*TASK BRIEF:* The job is to find each line in the entries holding the string "image" and copy that line.

*DATA TO EXAMINE:*
- Opening Delimiter -

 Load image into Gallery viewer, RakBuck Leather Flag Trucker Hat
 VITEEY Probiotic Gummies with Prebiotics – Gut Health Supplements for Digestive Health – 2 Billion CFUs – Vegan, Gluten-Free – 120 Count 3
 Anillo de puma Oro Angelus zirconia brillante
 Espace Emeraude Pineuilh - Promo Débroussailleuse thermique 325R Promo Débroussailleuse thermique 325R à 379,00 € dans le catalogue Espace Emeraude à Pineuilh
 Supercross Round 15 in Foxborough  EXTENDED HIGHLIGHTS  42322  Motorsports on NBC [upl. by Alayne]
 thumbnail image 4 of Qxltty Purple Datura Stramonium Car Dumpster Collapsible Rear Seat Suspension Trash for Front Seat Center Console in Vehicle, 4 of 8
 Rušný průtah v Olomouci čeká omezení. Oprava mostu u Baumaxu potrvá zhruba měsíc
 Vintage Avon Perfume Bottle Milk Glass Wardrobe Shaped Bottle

- Closing Delimiter -
- Opening Delimiter -

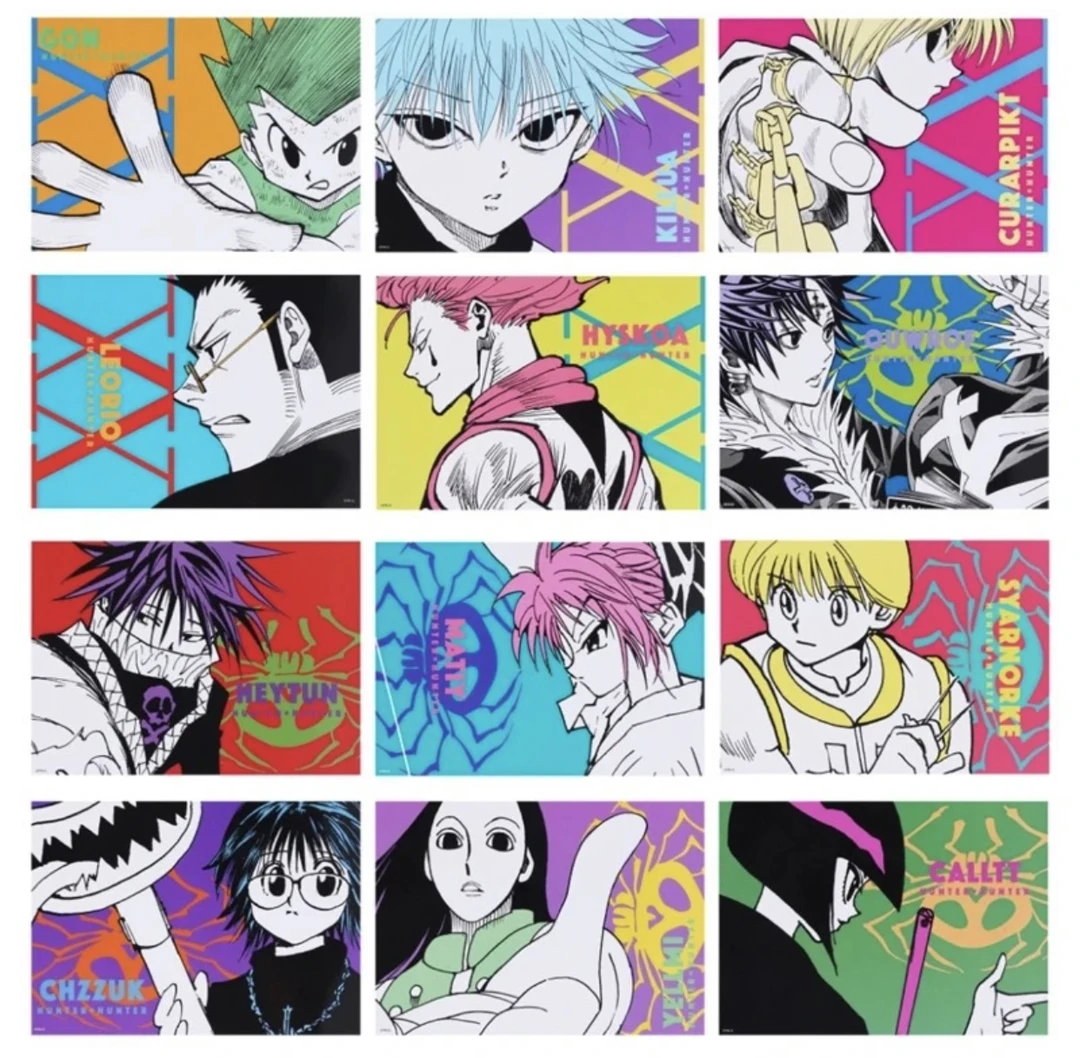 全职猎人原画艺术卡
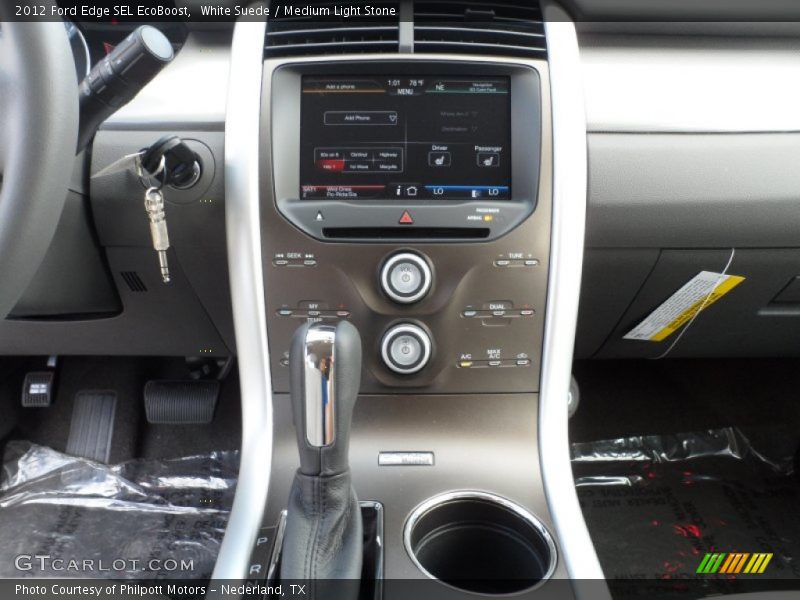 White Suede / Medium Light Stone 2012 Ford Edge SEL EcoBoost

- Closing Delimiter -
- Opening Delimiter -

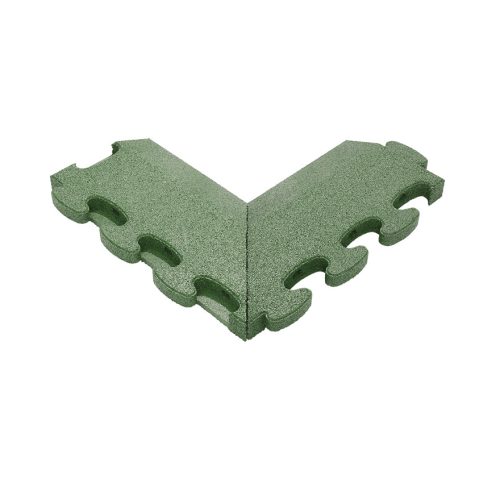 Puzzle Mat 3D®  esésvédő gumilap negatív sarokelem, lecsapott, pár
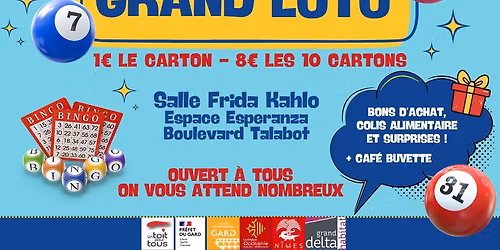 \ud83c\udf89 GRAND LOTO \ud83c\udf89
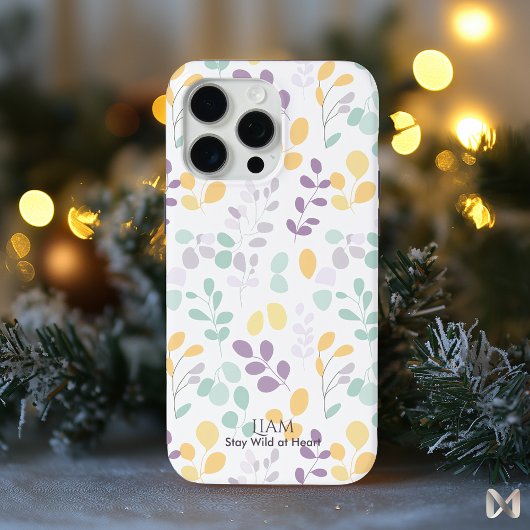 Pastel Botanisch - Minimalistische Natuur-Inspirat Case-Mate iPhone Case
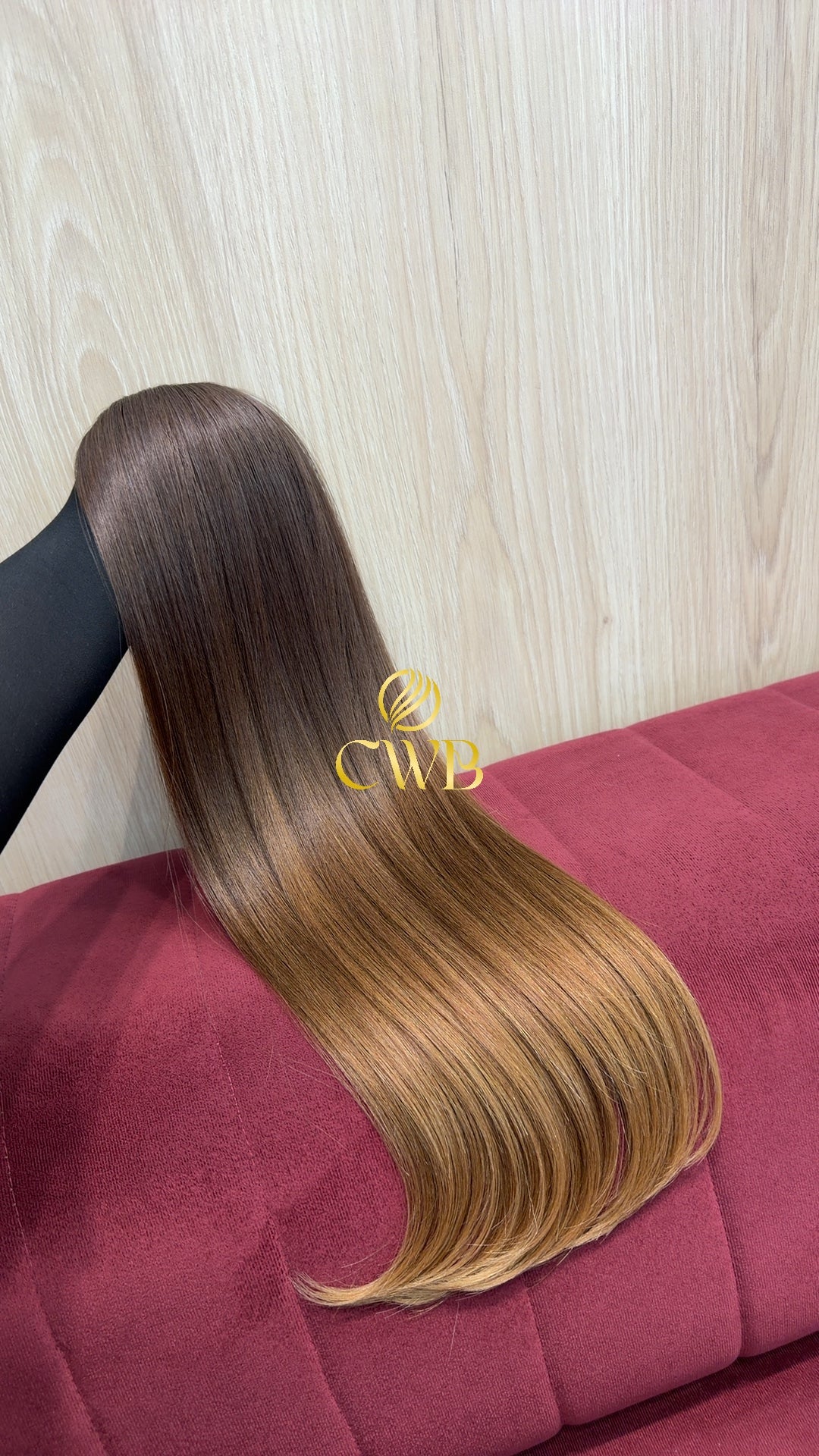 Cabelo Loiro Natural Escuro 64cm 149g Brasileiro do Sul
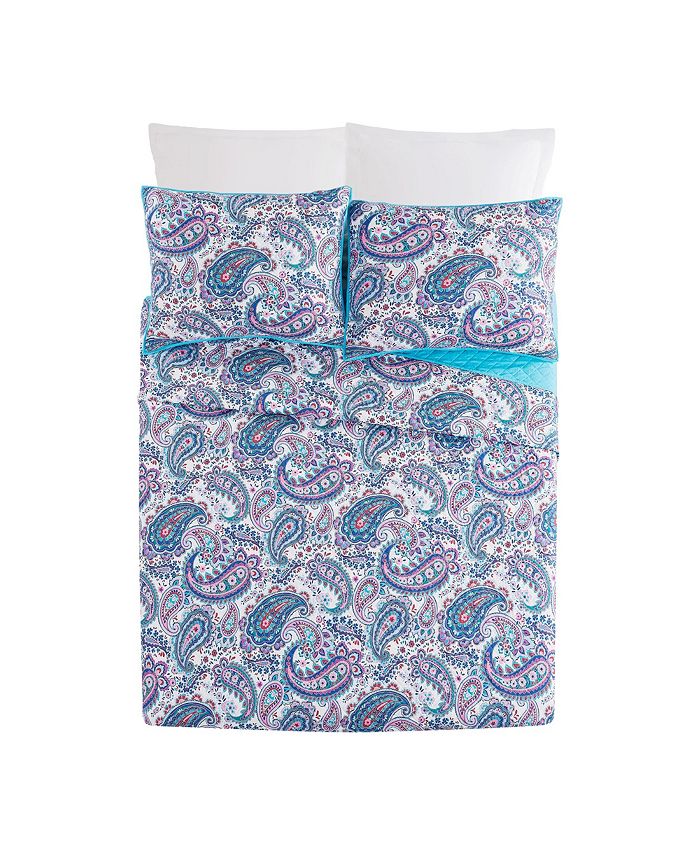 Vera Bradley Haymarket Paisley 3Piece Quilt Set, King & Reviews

- Closing Delimiter -

*WRITTEN RESPONSE:*
 Load image into Gallery viewer, RakBuck Leather Flag Trucker Hat
 thumbnail image 4 of Qxltty Purple Datura Stramonium Car Dumpster Collapsible Rear Seat Suspension Trash for Front Seat Center Console in Vehicle, 4 of 8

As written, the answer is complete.